**THE TASK:**
Note on the material below: return exactly the lines from the line that holds "-琴寿司居酒屋(中山广场店)" through the line that holds "aliulm_luglio2025-58", and leave out each picture.

**AVAILABLE DATA:**
=== Section Start ===
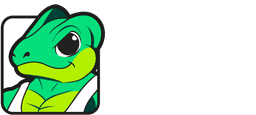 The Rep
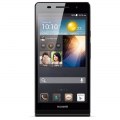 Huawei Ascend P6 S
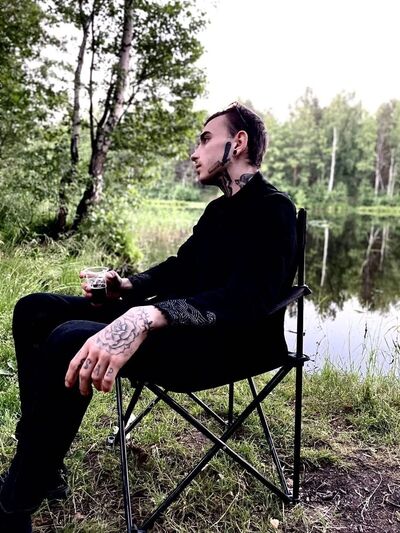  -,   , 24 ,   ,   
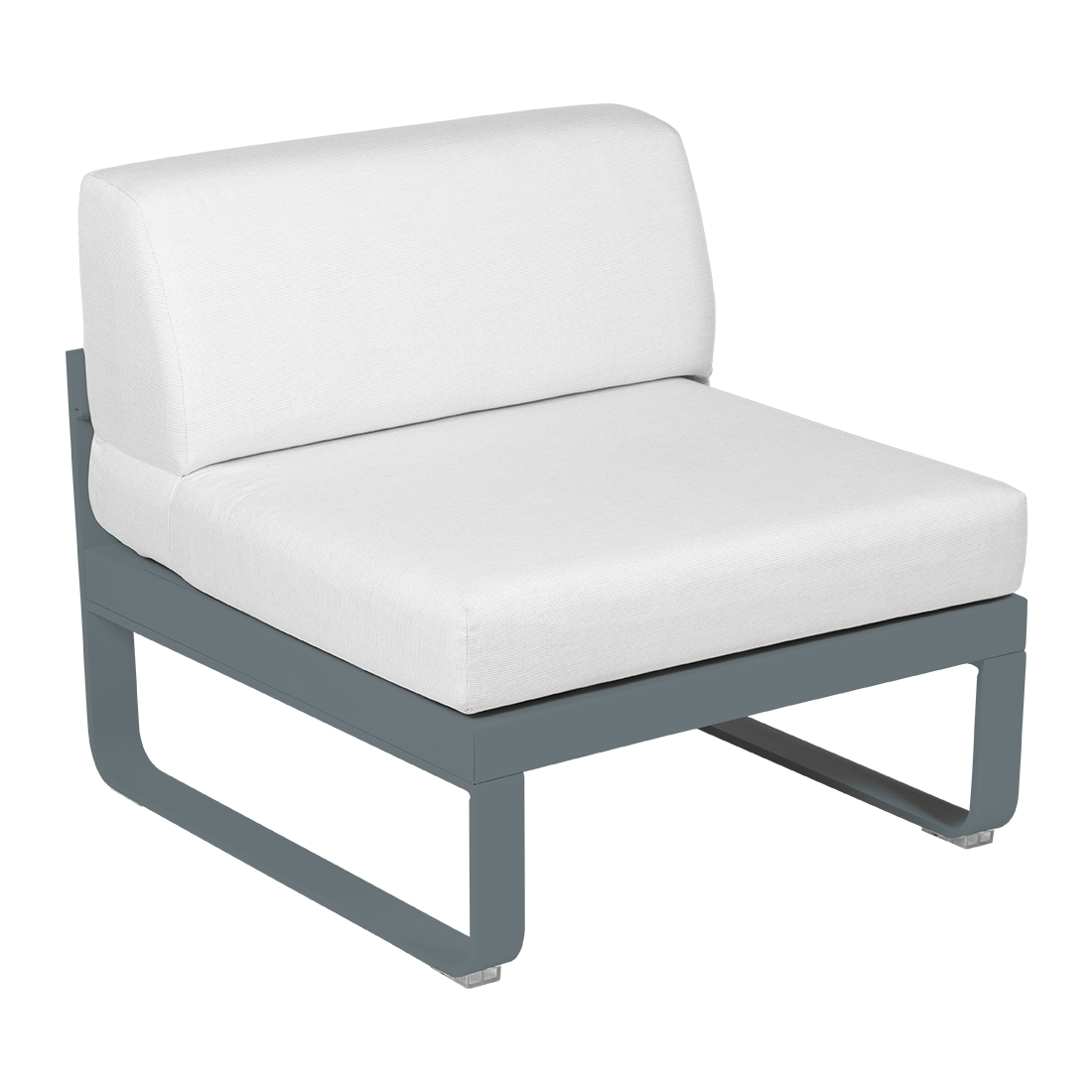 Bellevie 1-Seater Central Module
=== Section End ===
=== Section Start ===
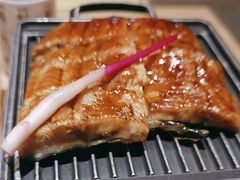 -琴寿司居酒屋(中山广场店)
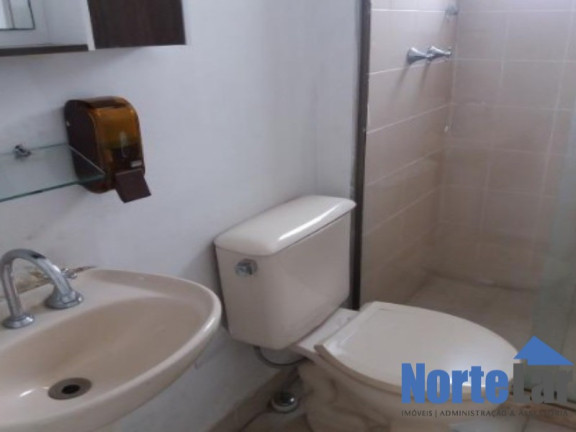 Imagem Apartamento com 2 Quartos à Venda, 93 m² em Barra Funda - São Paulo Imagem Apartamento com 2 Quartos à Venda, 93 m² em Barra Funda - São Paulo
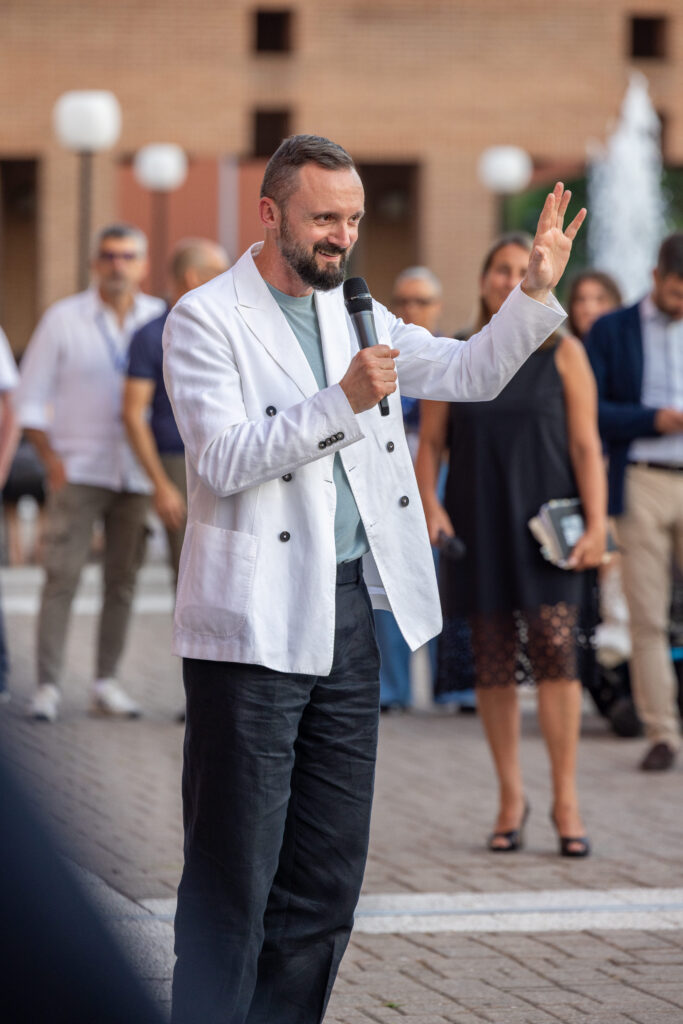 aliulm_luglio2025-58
=== Section End ===
**EXPECTED OUTPUT:**
 -琴寿司居酒屋(中山广场店)
 Imagem Apartamento com 2 Quartos à Venda, 93 m² em Barra Funda - São Paulo Imagem Apartamento com 2 Quartos à Venda, 93 m² em Barra Funda - São Paulo
 aliulm_luglio2025-58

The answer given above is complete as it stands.